Introduction

The OpenEye, Cadence Molecular Sciences Machine Learning Model Building Floes Package builds machine learning (ML) models that predict the properties of small molecules.

Arthur Samuel, an early pioneer in artificial intelligence, defined machine learning as “the ability of computers to learn without being explicitly programmed.” Machine learning develops algorithms and statistical models to allow computers to learn from input data and improve performance through experience with that data. There are three types of machine learning: supervised learning, unsupervised learning, and reinforcement learning. OpenEye algorithms fall under the category of supervised learning.

The applications of neural networks in cheminformatics and small molecules are largely exploratory, in part because chemists have been skeptical about the predictions of an ambiguous black box system. With the rapid growth of artificial intelligence, a demand for straightforward and explainable machine learning systems that address property prediction of small molecules has grown over the years, and OpenEye addresses that need in this package.

OpenEye, Cadence Molecular Sciences is a software company grounded firmly in science-based computations for small molecule drug discovery. We want to use machine learning as a tool to further this mission. But we are skeptics who are steadfast about science, not hype.

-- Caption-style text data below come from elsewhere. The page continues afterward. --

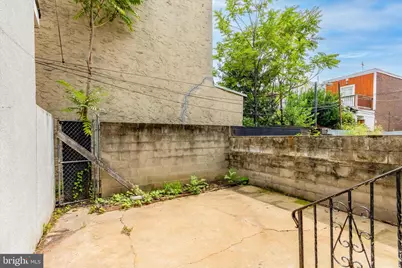 2243 E Clearfield Street, Philadelphia, PA 19134 - Photo 15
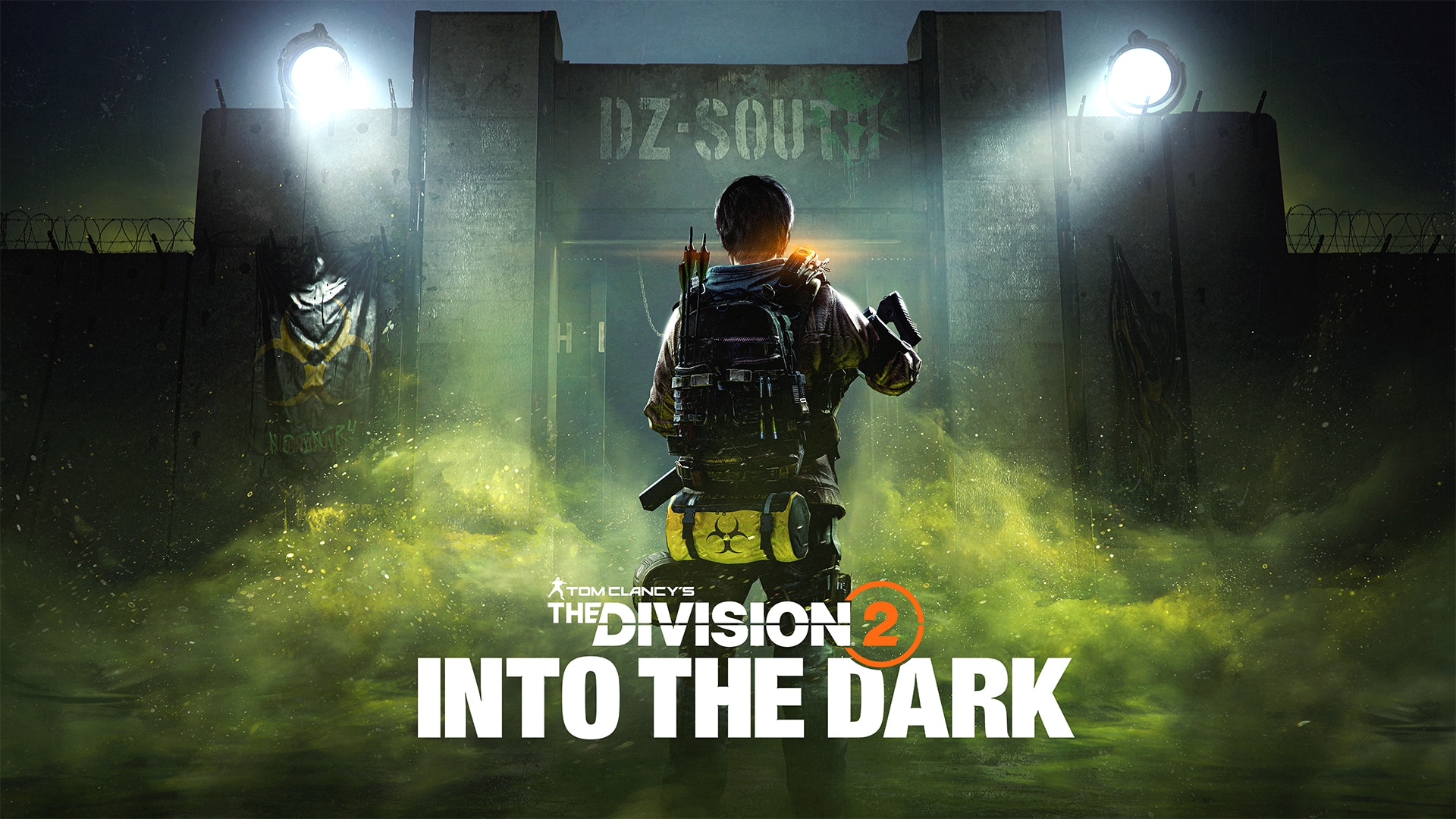 the division 2 update 2.29
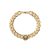 Guess Bracelet - JUMB01309JWYGBK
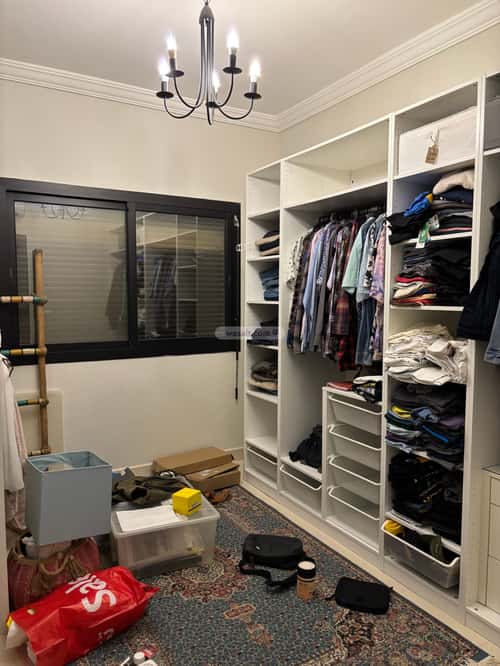 فيلا 543 متر مربع غربية على شارع 32م الرياض، شمال جدة، جدة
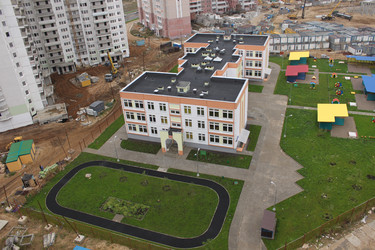 Similar image 794632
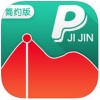 PP基金理财app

To quote George Box: “All models are wrong, but some are useful.” Therefore, we try to ensure that the ML models built using our package include the following features:

No Black Box Model
- We use explainers to decode what a model predicts.
- We help chemists and data scientists debug the trained models.
Confidence and Domain of Applicability Awareness
- We use techniques such as the convex box approach and Monte Carlo dropout to give reliable confidence intervals.
Scalability for General Use Cases
- We use neural networks for our models; the advantage is that the size of the model extends from a simple perceptron to a deep neural network, hence making it flexible enough to tackle any datasize.